■ What the task requires:
For this exercise, transcribe all the entries exactly as given and omit the images.

[Items from a data source]
==========

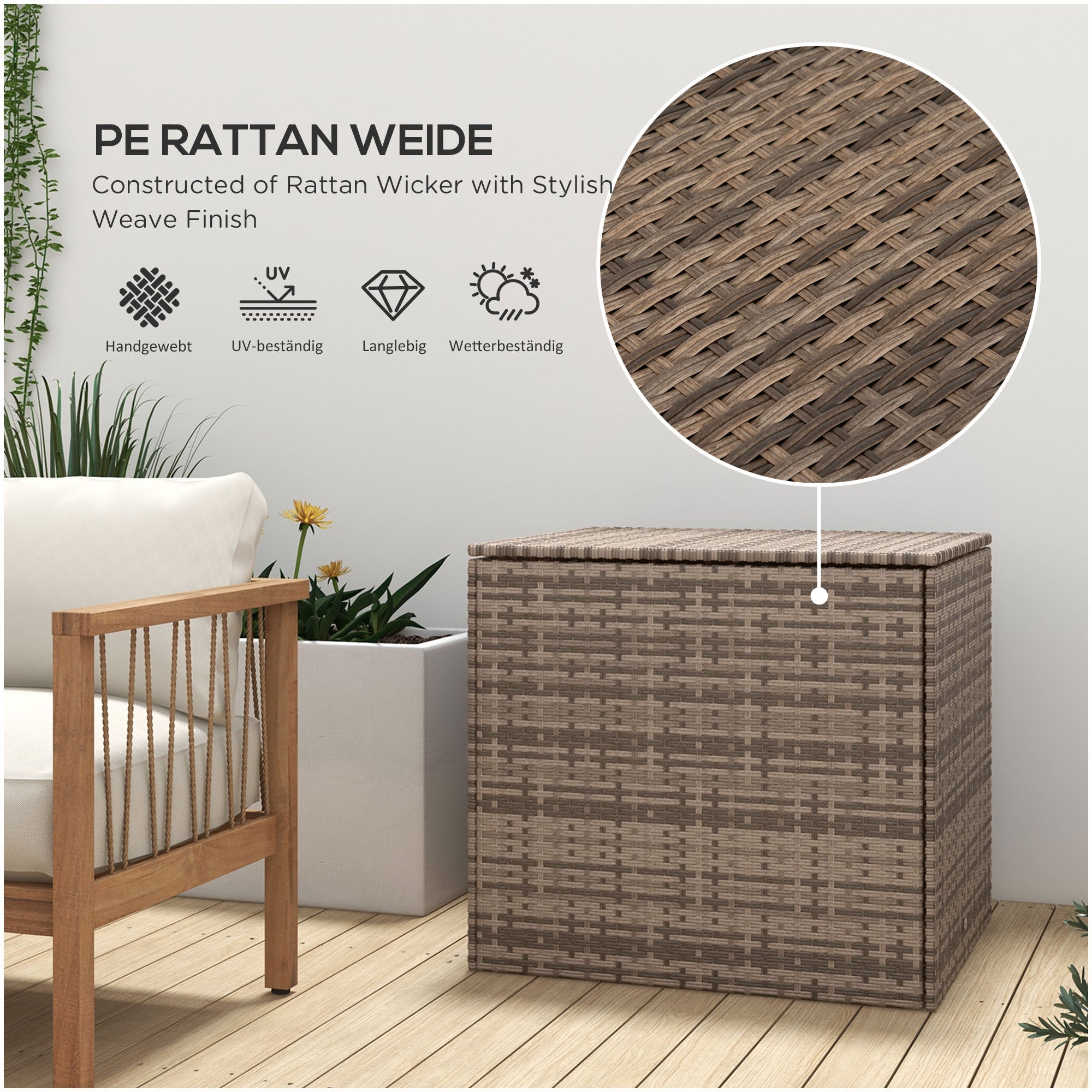 Polyrattan Cushion Box with Lid, Automatic Lifting, Weatherproof, 75x75x70 cm, Sand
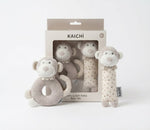 מארז 2 בובות רעשן רכות – קופים  KAICHI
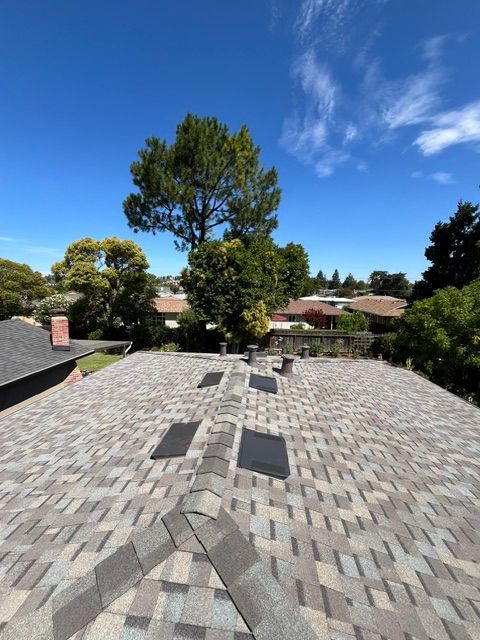 A roof with gray shingles, four skylights, and vents. Trees and houses in the background with a blue sky.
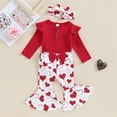 thumbnail image 4 of Otqutp Children's Girls Valentine's Day 3 Piece Suit Long Sleeve Love Printed Clothes Set Baby Cute Bodysuit Solid Color Ruffle Back Dress with Hairband(2-Red,0-3 Months), 4 of 8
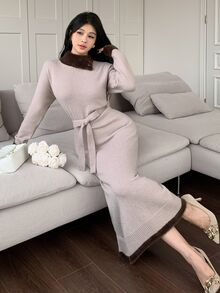 Feyla Women's Colorblock Patchwork Elegant Slim Fit Sweater Dress - Camel - View 4
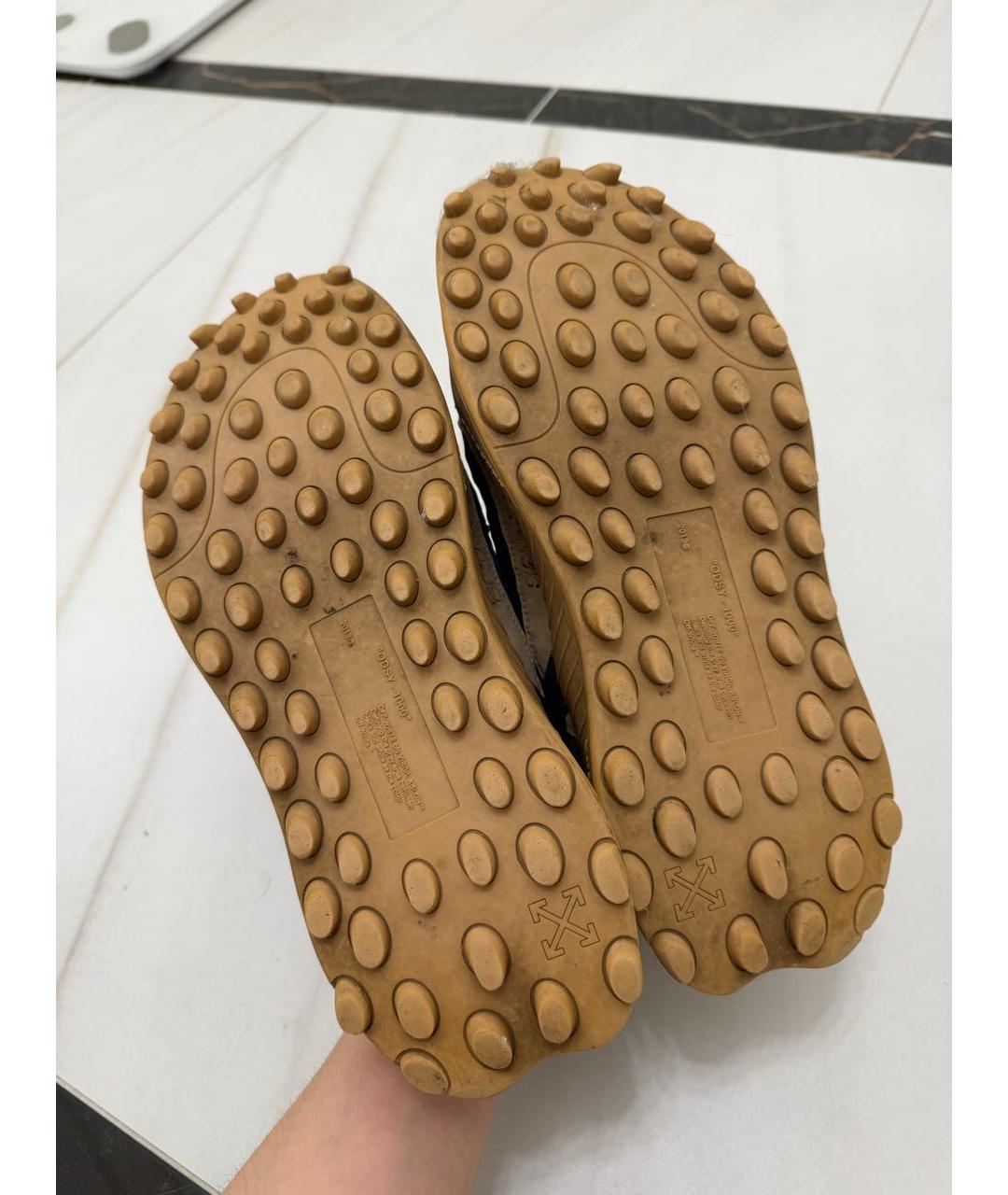 OFF-WHITE Бежевые текстильные низкие кроссовки / кеды, фото 7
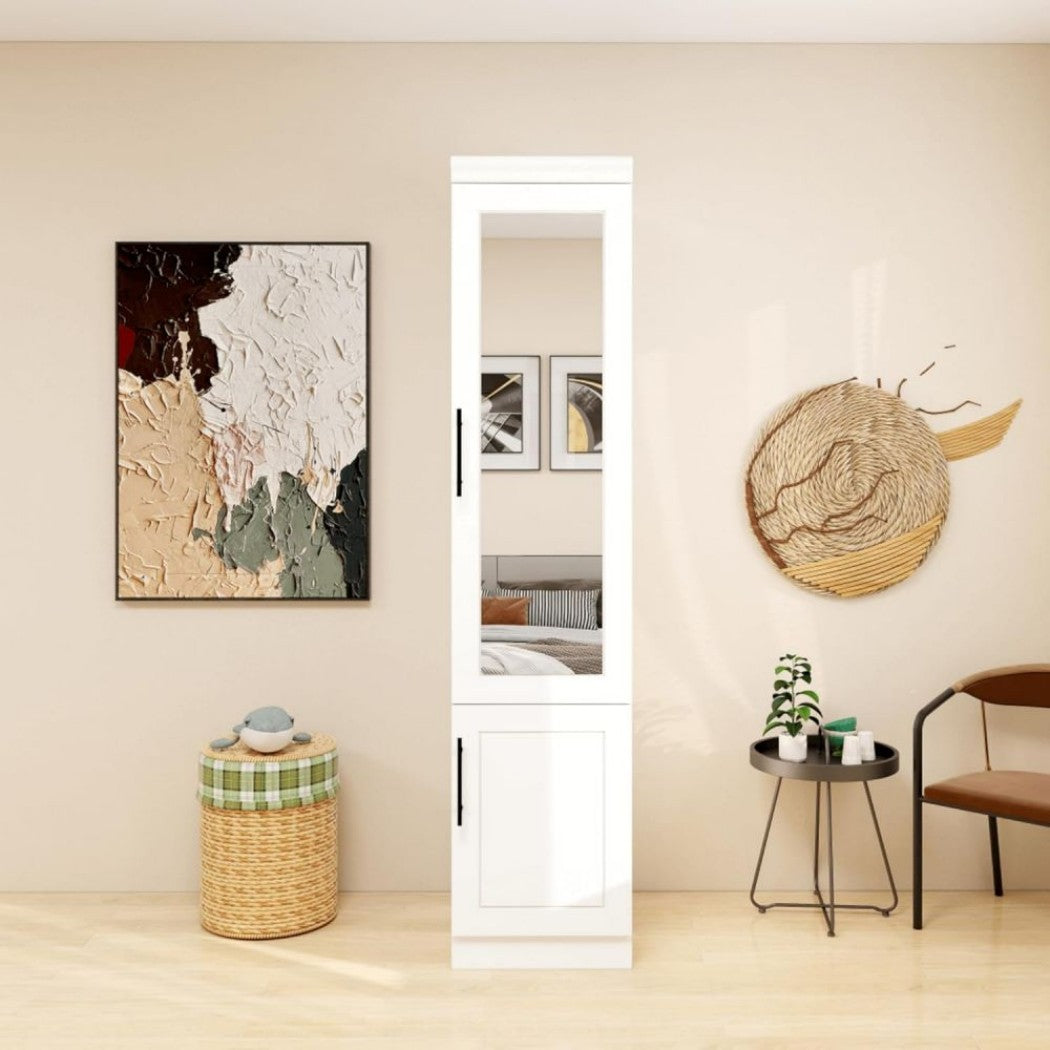 71" White Wood Mirrored Two Door Combo Dresser-Dressers-DECOROLALA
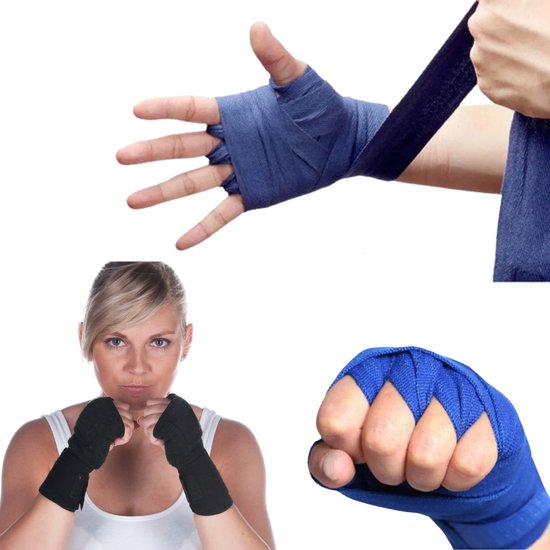 Demonstratie MyBodyFuel bokswraps in blauw en zwart tijdens bokstraining – wikkelen en stootpositie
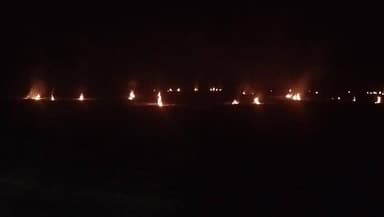 ভাতার: কৃষি দপ্তর ও প্রশাসন কে বুড়ো আঙ্গুল দেখিয়ে সন্ধ্যার পর রমরমিয়ে ভাতারের বিভিন্ন মাঠে চলছে নাড়া পোড়ানো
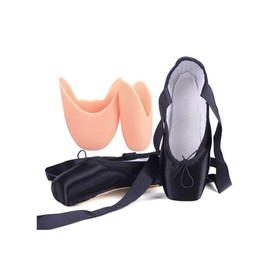 Daydance Ballet Pointe Shoes Girls Women Ribbon Ballerina Shoes with Toe Pads, Black, 10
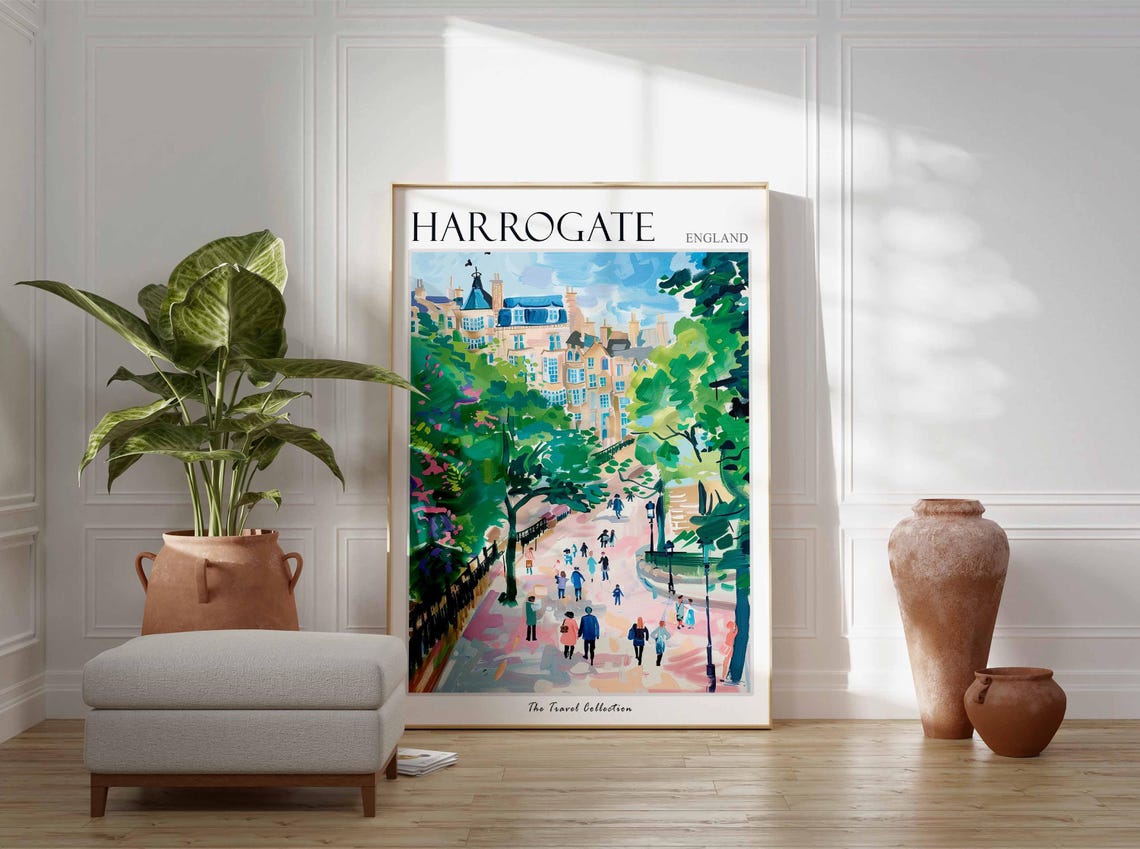 Harrogate England Travel Poster Park Walkway People and Trees View - Image 2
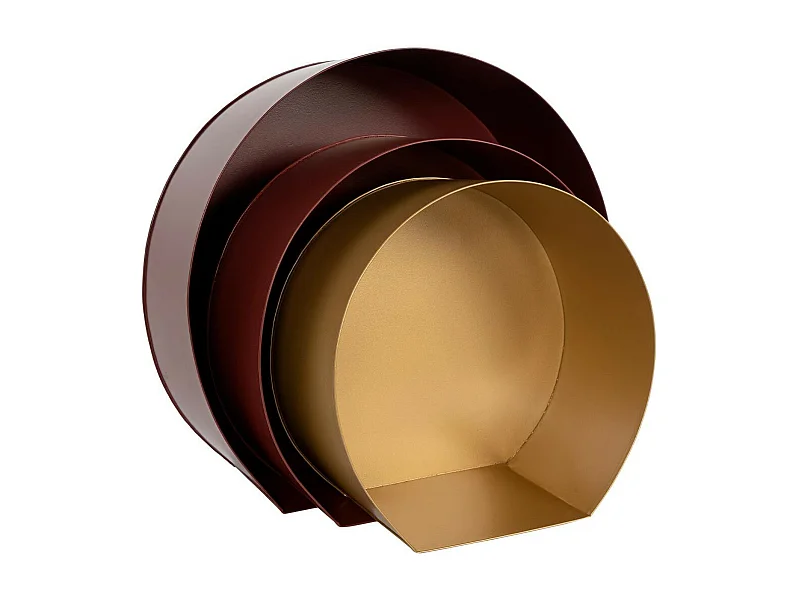 Lot de 3 Étagères Murales "Triple" 39cm Bordeaux & Or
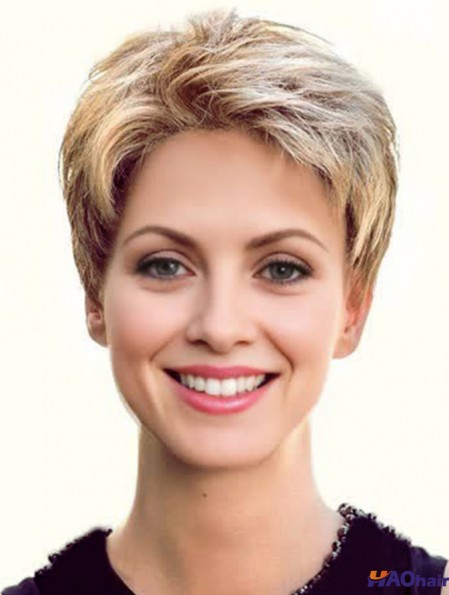 Boycuts courts coupés Flexibilité Blonde 100% perruques nouées à la main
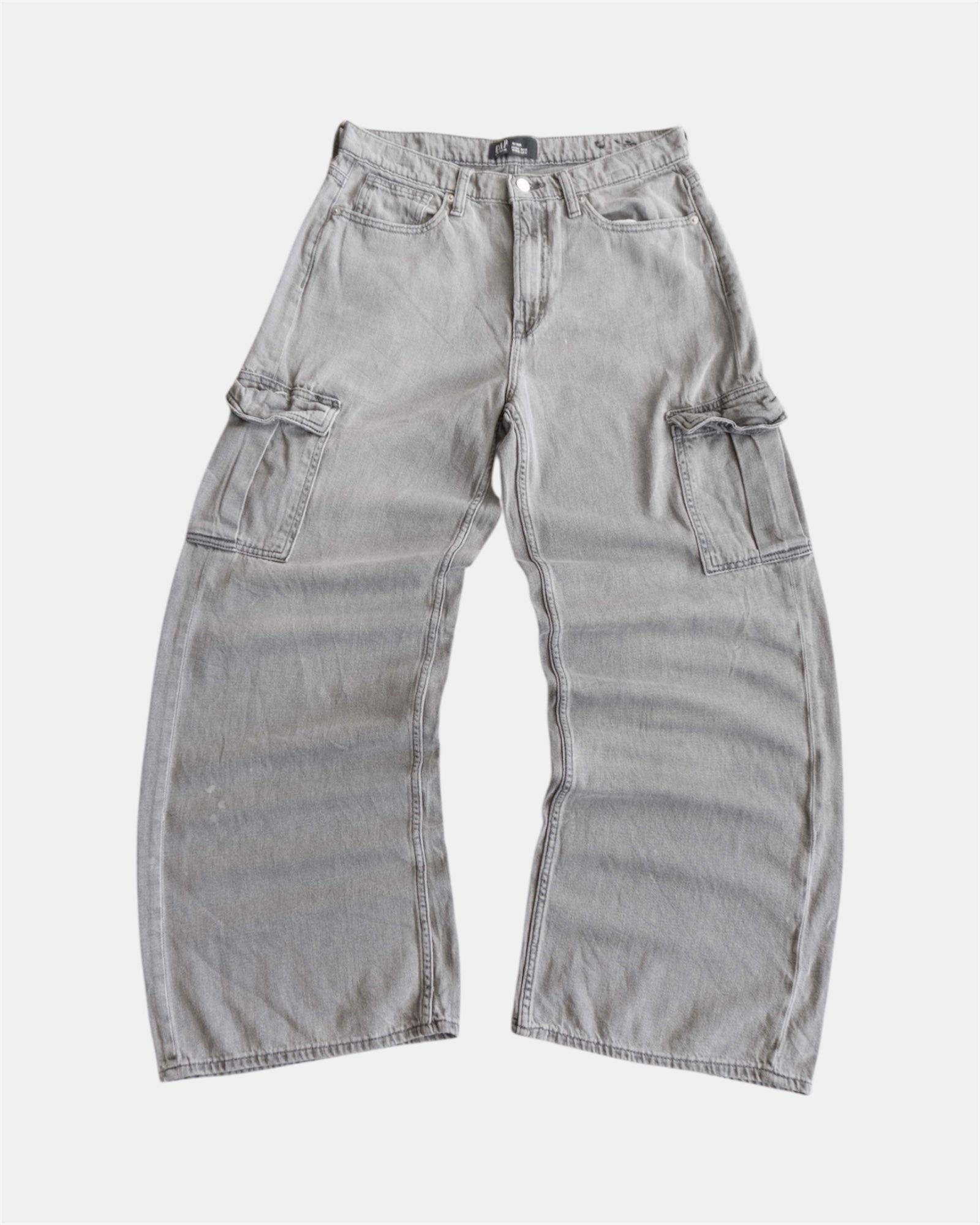 GAP GRAY FADED CARGO WIDE LEG PANTS - 32x32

==========

■ Exercise response:
 Polyrattan Cushion Box with Lid, Automatic Lifting, Weatherproof, 75x75x70 cm, Sand
 מארז 2 בובות רעשן רכות – קופים  KAICHI
 A roof with gray shingles, four skylights, and vents. Trees and houses in the background with a blue sky.
 thumbnail image 4 of Otqutp Children's Girls Valentine's Day 3 Piece Suit Long Sleeve Love Printed Clothes Set Baby Cute Bodysuit Solid Color Ruffle Back Dress with Hairband(2-Red,0-3 Months), 4 of 8
 Feyla Women's Colorblock Patchwork Elegant Slim Fit Sweater Dress - Camel - View 4
 OFF-WHITE Бежевые текстильные низкие кроссовки / кеды, фото 7
 71" White Wood Mirrored Two Door Combo Dresser-Dressers-DECOROLALA
 Demonstratie MyBodyFuel bokswraps in blauw en zwart tijdens bokstraining – wikkelen en stootpositie
 ভাতার: কৃষি দপ্তর ও প্রশাসন কে বুড়ো আঙ্গুল দেখিয়ে সন্ধ্যার পর রমরমিয়ে ভাতারের বিভিন্ন মাঠে চলছে নাড়া পোড়ানো
 Daydance Ballet Pointe Shoes Girls Women Ribbon Ballerina Shoes with Toe Pads, Black, 10
 Harrogate England Travel Poster Park Walkway People and Trees View - Image 2
 Lot de 3 Étagères Murales "Triple" 39cm Bordeaux & Or
 Boycuts courts coupés Flexibilité Blonde 100% perruques nouées à la main
 GAP GRAY FADED CARGO WIDE LEG PANTS - 32x32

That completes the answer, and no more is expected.